The letters in a language....

by Michael S. Kaplan, published on 2004/12/10 02:15 -05:00, original URI: http://blogs.msdn.com/b/michkap/archive/2004/12/10/279398.aspx

Earlier today, I got a question from someone who is a reader of Jeppe's Weblog, asking is there a method or API or resource can be used to get all of the letters in a language?

There is usually a very good reason to be asking it -- someone might be trying to create a phone book or filing system where they want to use the different letters used by the language for each "bucket". Or they may be trying to do groupings for some reason similar to that. And it does not seem to be an unreasonable request. It is about what this person was asking for.

The answer is an unfortunate one -- there is no way to retrieve this information. It simply does not exist in any of the NLS data.

But when one thinks about the question itself, its not as easy as it seems. Especially when one considers how often loan words from another language may include letters or diacritics one would not otherwise see. Would one simply not file those entries? And obviously phone books with names could not ignore if someone's name uses letters that do not have a clear letter to be under. This is the kind of issue that really blocks how such a feature would implemented -- especially when one considers how many characters in Unicode are not covered by a language compared to how many are....

Of course, the needs of Windows and the .NET Framework have to be pretty generic, which makes the problem harder. In the meantime, if an individual application or market is important, you can work with a native speaker of a languge to find out the sensible letter groupings that they would expect in the application(s) in question. A generic API to handle any language is most likely not required (and might give too much information anyway if it existed).

Jonathan: My best answer would be the titles in a vocabulary.

For example, we had a discussion with Mark Davis of Unicode about Punjabi. I was arguing that since the letters (under my definition) begin with ੳ ਅ and ੲ, and that the normal vowel signs like ੁ can be used to make the more widely used ਉ letters, then the canonical order should reflect this... Of course the result would be horribly bad when it came to performances, it certainly was a devil's advocate position.

Also, there is a hot debate about something in CDLR (Locale database, http://www.unicode.org/cldr; sorry I do not know how to do a nice looking <A> link) called "exemplarCharacters". In French, we had a long time to convince the Americans about the status of ü or ÿ. In Catalan (a minority language in Spain), ñ is not part of the official set; however, there is a lot of people living in Catalonia whose last name, of (Castilian) Spanish origin, have a ñ; so as a result, the letter has a good frequency in things like phone books.
Similarly, a recent move said that Catalan can now be used to record names (Registro civil). But the software used does not accept · (midpoint, a unique feature of the Catalan language) into names...

12/10/2004 6:16 AM Uwe Keim

> Console.Write( (char)i );

That fails badly, in a programming language where char can only hold a byte instead of a character, on a machine where a byte cannot store all values up to 65535. Know of any? ^_^

Another idea might be to enumerate over a code page, for each byte value trying both that single-byte value and enumerating all possible double-byte values, but I'm not sure if that works. A subset of such an enumeration surely would not work unless you already know the characteristics of the code page.

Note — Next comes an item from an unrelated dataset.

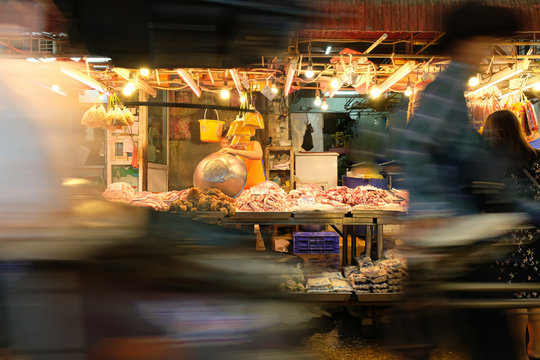 A local butchers shop in a wet market.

Another idea might be to enumerate all known Unicode characters and try to convert each to a code page character, but we've seen information in other postings showing that this would miss some valid code page characters.

12/22/2004 11:16 AM Antoine

> Similarly, a recent move said that Catalan
> can now be used to record names (Registro
> civil). But the software used does not
> accept · (midpoint, a unique feature of the
> Catalan language) into names...

That unique feature of the Catalan language is commonly used in Japanese. In ordinary Japanese text it sort of means "and/or". In a name of a company name containing too much kana(occasionally) or a foreign person's name (frequently) or a transliterated foreign phrase, it simply separates words.

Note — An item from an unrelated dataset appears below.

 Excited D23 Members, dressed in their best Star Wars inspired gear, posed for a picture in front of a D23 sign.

In official forms with family name written in one box and given name written in another box, there isn't much need for that unique feature of the Catalan language. But if a foreigner with more than one given name has some need to write more than one in the box for given name, then the separator might be appropriate.

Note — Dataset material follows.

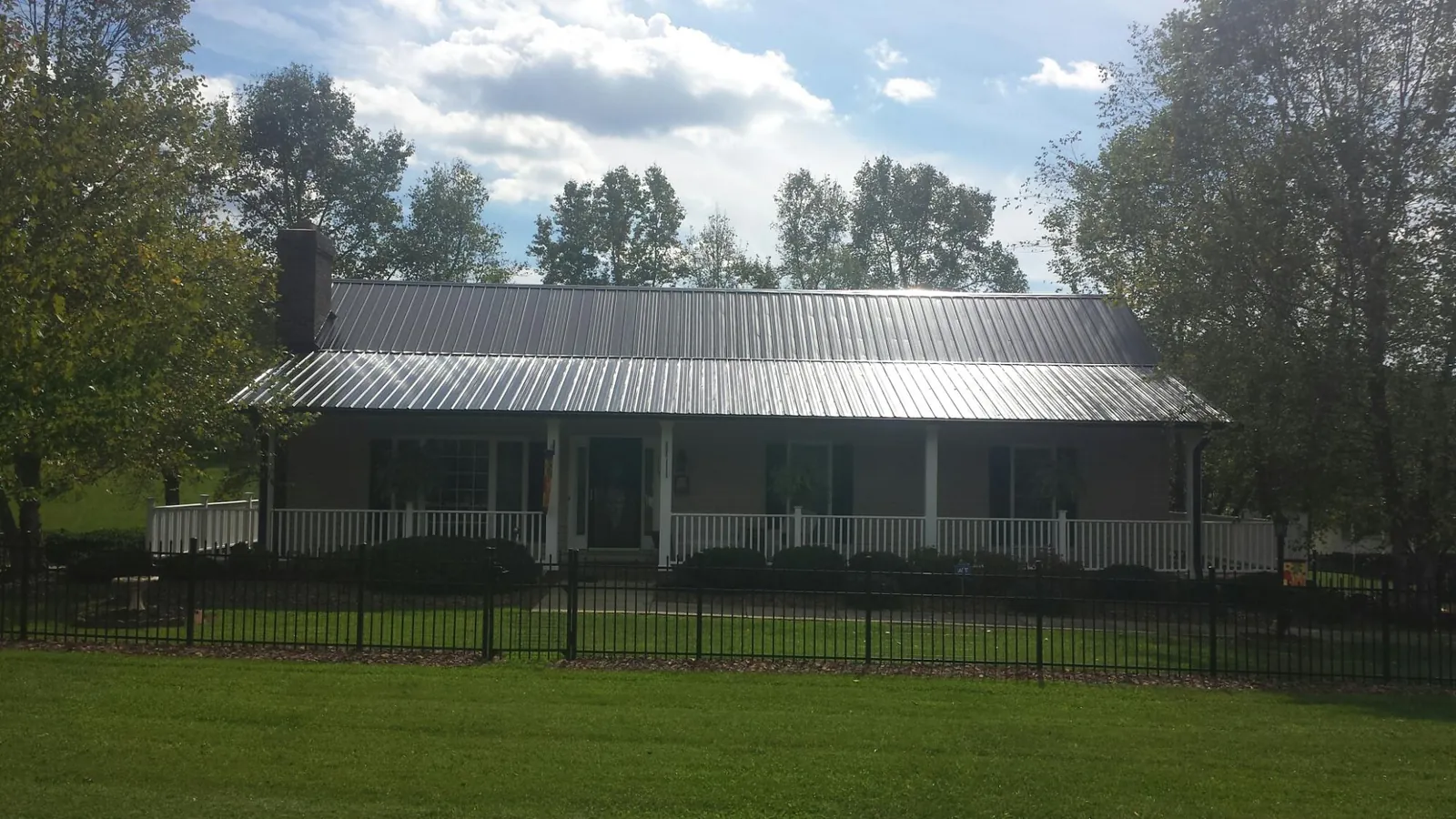 Gray metal roof on a brick ranch with a full width front porch — Gutter Guard Installation work by our crew in Venango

With software it's pretty much random. Ordinary software of course accepts it because it's a character. Software that validates whether a person's name is written using a limited character set that the developer wants to limit it to for some unknown reason or no reason, often the separator is not accepted.

In an extreme example of the latter, recently I made a submission through a company's web page, and they required both the ordinary written name (mine is in katakana) and pronunciation in hiragana only. It kept rejecting my pronunciation, so I finally entered the hiragana for fukanou, meaning impossible, instead of the pronunciation of my name, and the web site accepted that. Later I guessed that it was rejecting the character that looks like a dash and means double-length pronunciation of a syllable, because that character is not usually used in hiragana. Sheesh, that sure is part of the Japanese pronunciation of my name.